Ergebnis: T hat sich durch den Stoß zN des K gem. § 223 strafbar gemacht.
Abw: K tut später so, als ob er sich mit T aussöhnen möchte und streckt ihm freundlich die Hand
entgegen. Als T sich nähert, tritt K mit seinem Sicherheitsschuh dem T kräftig in den Magen.
K könnte sich zN von T gem. §§ 223, 224 I Nr. 2, 3, 5 strafbar gemacht haben, indem er ihm in den
Magen tritt.
I. Tb
1. Obj
- K ist ein Mensch, mithin ein tauglicher Täter. T ist ebenfalls als Mensch taugliches Tatobjekt.

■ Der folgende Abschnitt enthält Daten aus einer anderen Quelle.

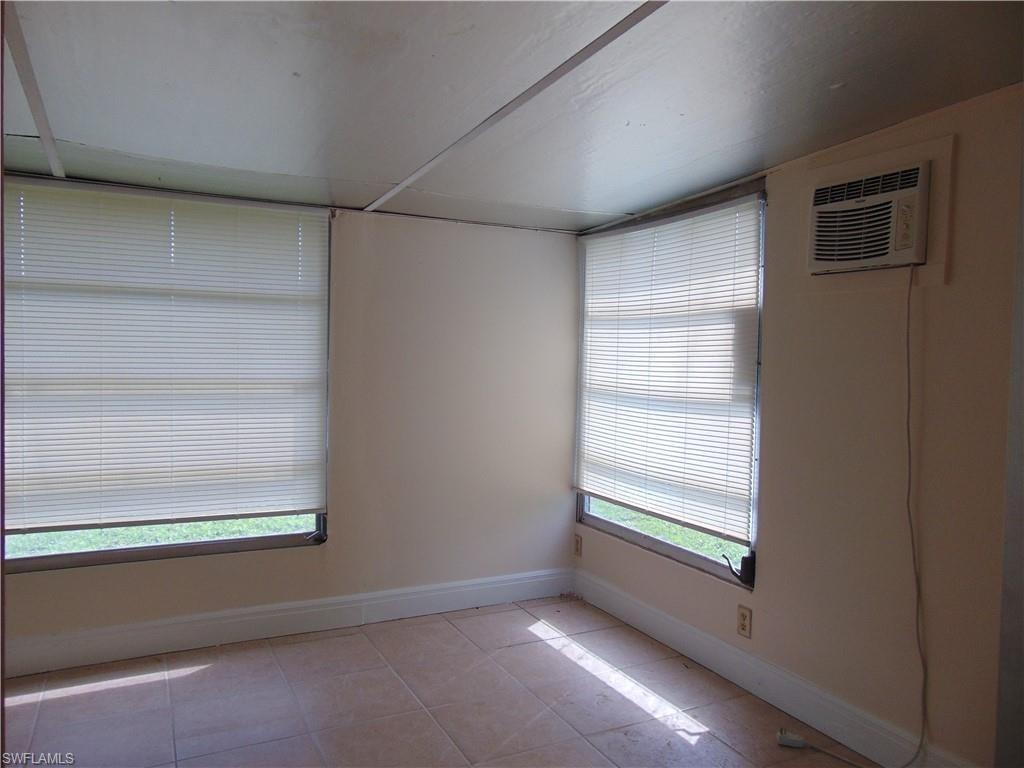 117 Stetson ST photo 12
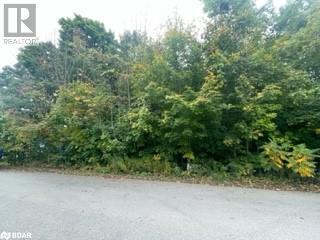 Photo 2 of 17 Valleyview Drive, Oromedonte ON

- Eine körperliche Misshandlung liegt mit dem Fußtritt in den Magen vor, da dieser eine üble und
unangemessene Behandlung mit erheblicher Beeinträchtigung des körperlichen Wohlbefindens
darstellt. Ob eine Gesundheitsschädigung aufgetreten ist, kann dem Sachverhalt nicht entnommen
werden.
- Es könnte sich beim zum Treten verwendeten Schuh um eine Begehung „mittels gefährlichem
Werkzeug handeln. Dies ist der Fall bei einem beweglichen Gegenstand, der nach Art und Weise der
konkreten Verwendung geeignet ist, nicht unerhebliche Verletzungen hervorzurufen. Im
vorliegenden Fall stellt der Sicherheitsschuh einen beweglichen Gegenstand dar. Aufgrund der
Beschaffenheit mit fester Sohle und Sicherhheitskappe handelt es sich um einen festen Schuh.

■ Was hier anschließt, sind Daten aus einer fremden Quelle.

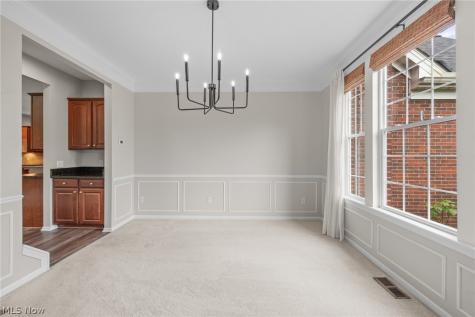 37903 Heron Lane Avon OH 44011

Soweit dieser für einen Tritt in den Magen des Opfers verwendet wird, ist er geeignet bei diesem
erhebliche Verletzungen hervorzurufen. K hat somit § 224 I Nr. 2 objektiv verwirklicht.

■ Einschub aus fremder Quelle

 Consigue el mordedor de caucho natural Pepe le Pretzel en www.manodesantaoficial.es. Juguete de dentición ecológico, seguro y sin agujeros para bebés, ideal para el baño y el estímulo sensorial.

- Weiter käme ein „hinterlistiger Überfall“ in Betracht. Ein Überfall ist ein plötzlicher Angriff auf
einen Ahnungslosen. Dies ist hier gegeben, da T überrascht wird von dem Fußtritt. Hinterlistig ist
ein Verhalten, bei dem der Täter planmäßig berechnend unter Verbergen seiner wahren Absicht
vorgeht. Auch dies liegt vor, da K vorgibt, sich mit T aussöhnen zu wollen. Damit verbirgt er vor T
seine wahren Ziele, eine Körperverletzung zu begehen. Mithin ist auch § 224 I Nr. 3 in obj Hinsicht
verwirklicht.
- Schließlich kommt eine lebensgefährdende Behandlung in Betracht. Diese wäre gegeben, wenn
die Handlungsweise der Körperverletzung nach den konkreten Umständen generell-abstrakt eine
Gefahr für das Leben des Opfers hervorgerufen hätte. Nicht entscheidend ist dagegen, ob eine
lebensbedrohliche Verletzungsfolge aufgetreten ist. Im vorliegenden Fall stellt der Tritt mit dem
Sicherheitsschuh in den Magen eine Behandlung dar, bei der die Gefahr einer Verletzung
lebenswichtiger Organe oder das Hervorrufen einer inneren Blutung in Betracht zu ziehen ist. Daher
handelt es sich um eine lebensgefährdende Behandlung gem. § 224 I Nr. 5.
2. Subj
K handelt mit Vorsatz (Wissen und Wollen) bezüglich der Körperverletzung, der Verwendung des
Sicherheitsschuhs zum Magentritt, des hinterlistigen Überfalls. Von Tötungsvorsatz kann nicht
ausgegangen werden, aber es ist ausreichend, wenn K – wie hier – die Einstellung hat, dass eine
abstrakte Lebensgefahr auftritt. Ihm war bekannt, dass er in den Magen tritt.
II. Rw K handelt rechtswidrig.
III. Schuld: Er handelt schuldhaft.
Ergebnis: K hat sich z N des T gem. §§ 223, 224 I Nr. 2, 3, 5 strafbar gemacht.